Work instruction: Only the lines below starting at the one that contains "[BUNJANG] Bimba y" and ending at the one that contains "Karnataka Gramin Bank MetikurkeBranch" are to be reproduced, exactly and with both ends kept.

Data under study:

== Segment start ==

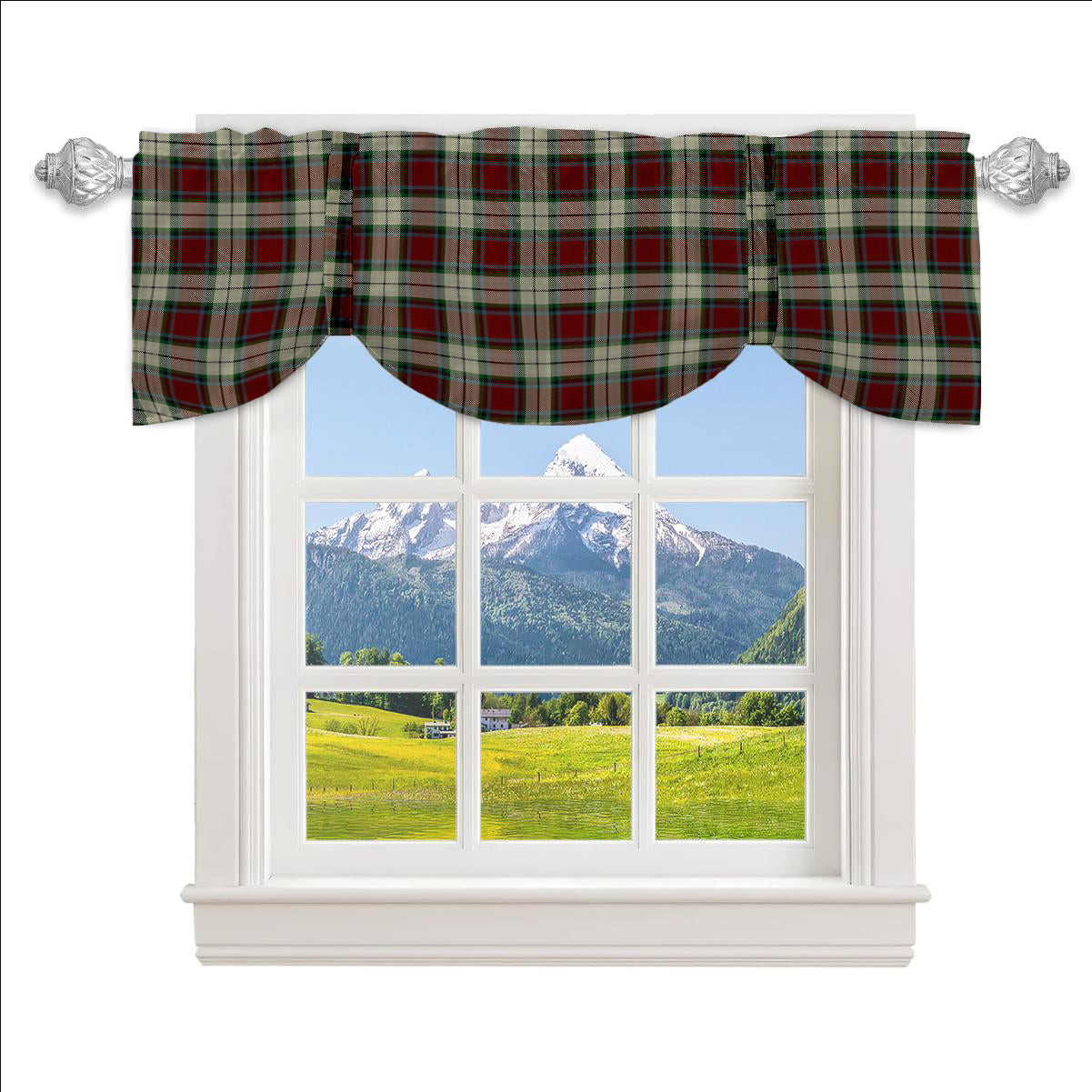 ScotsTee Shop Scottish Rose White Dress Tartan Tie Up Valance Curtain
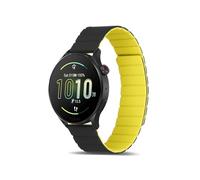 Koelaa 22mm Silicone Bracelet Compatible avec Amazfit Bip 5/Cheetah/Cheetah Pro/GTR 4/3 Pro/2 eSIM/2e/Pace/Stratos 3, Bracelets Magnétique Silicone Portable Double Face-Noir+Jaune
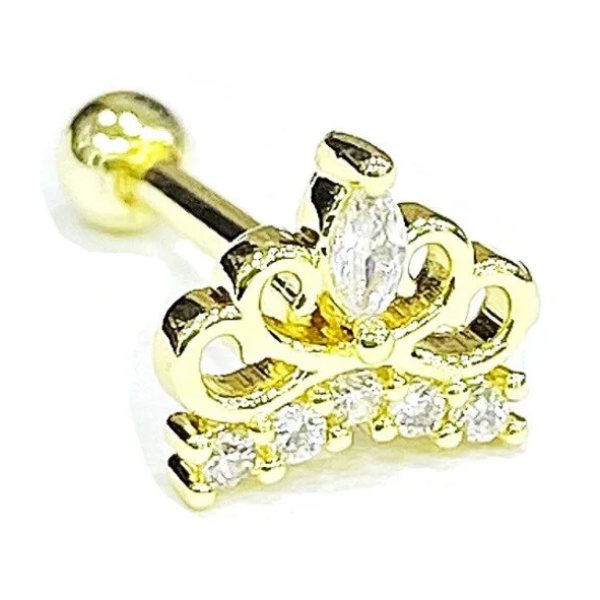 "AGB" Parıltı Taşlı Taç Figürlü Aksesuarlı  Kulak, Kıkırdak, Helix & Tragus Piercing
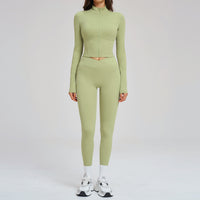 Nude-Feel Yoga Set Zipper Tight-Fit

== Segment end ==
== Segment start ==

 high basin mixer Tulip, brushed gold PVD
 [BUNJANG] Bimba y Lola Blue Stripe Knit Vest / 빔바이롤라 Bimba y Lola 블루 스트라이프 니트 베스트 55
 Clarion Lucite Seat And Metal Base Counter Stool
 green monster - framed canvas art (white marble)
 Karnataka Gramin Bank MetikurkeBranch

== Segment end ==

Written solution:
 [BUNJANG] Bimba y Lola Blue Stripe Knit Vest / 빔바이롤라 Bimba y Lola 블루 스트라이프 니트 베스트 55
 Clarion Lucite Seat And Metal Base Counter Stool
 green monster - framed canvas art (white marble)
 Karnataka Gramin Bank MetikurkeBranch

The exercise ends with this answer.